Copy the final lines exactly, starting at the one that contains "Centru Apartament cu" and ending with the last line of the listing below. Pictures are not part of the copy.

▸ **Dataset section**
◆ ◆ ◆ ◆ ◆ ◆ ◆

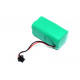 Аккумулятор для Mamibot Grey / VSLAM 14.4V 2900 мАч LI-ION
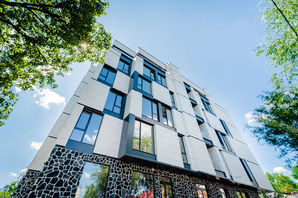 Centru Apartament cu 2 camere, 77 m², Centru, Chișinău...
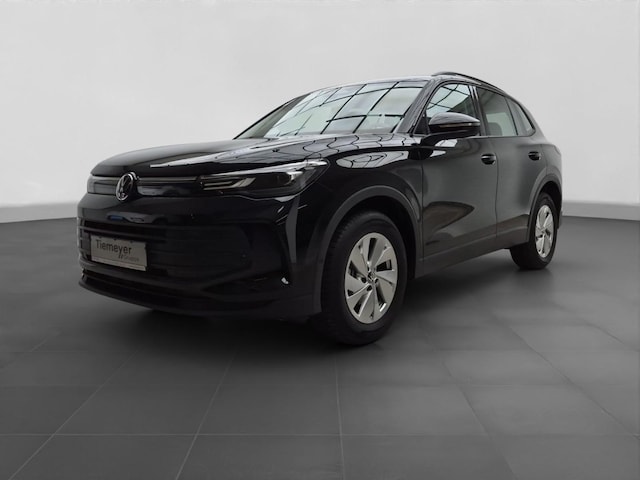 Volkswagen Tiguan 1.5 TSI DSG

◆ ◆ ◆ ◆ ◆ ◆ ◆

▸ **Task output**
 Centru Apartament cu 2 camere, 77 m², Centru, Chișinău...
 Volkswagen Tiguan 1.5 TSI DSG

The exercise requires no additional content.